- YOUR TASK -
For this task, copy all of the data below exactly and skip the pictures.

- DATA BELOW -
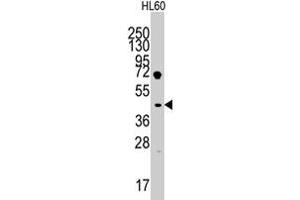 Western blot analysis of LEFTY1 polyclonal antibody  in HL-60 cell line lysates (35 ug/lane). (LEFTY1 抗体  (AA 291-320))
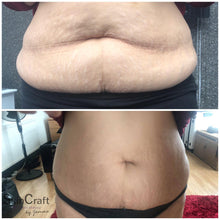 Load image into Gallery viewer, Aqualyx Fat Dissolve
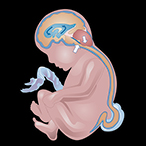 Side view of a fetus with a myelomeningocele protrusion in the lower spine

- EXPECTED ANSWER -
 Western blot analysis of LEFTY1 polyclonal antibody  in HL-60 cell line lysates (35 ug/lane). (LEFTY1 抗体  (AA 291-320))
 Load image into Gallery viewer, Aqualyx Fat Dissolve
 Side view of a fetus with a myelomeningocele protrusion in the lower spine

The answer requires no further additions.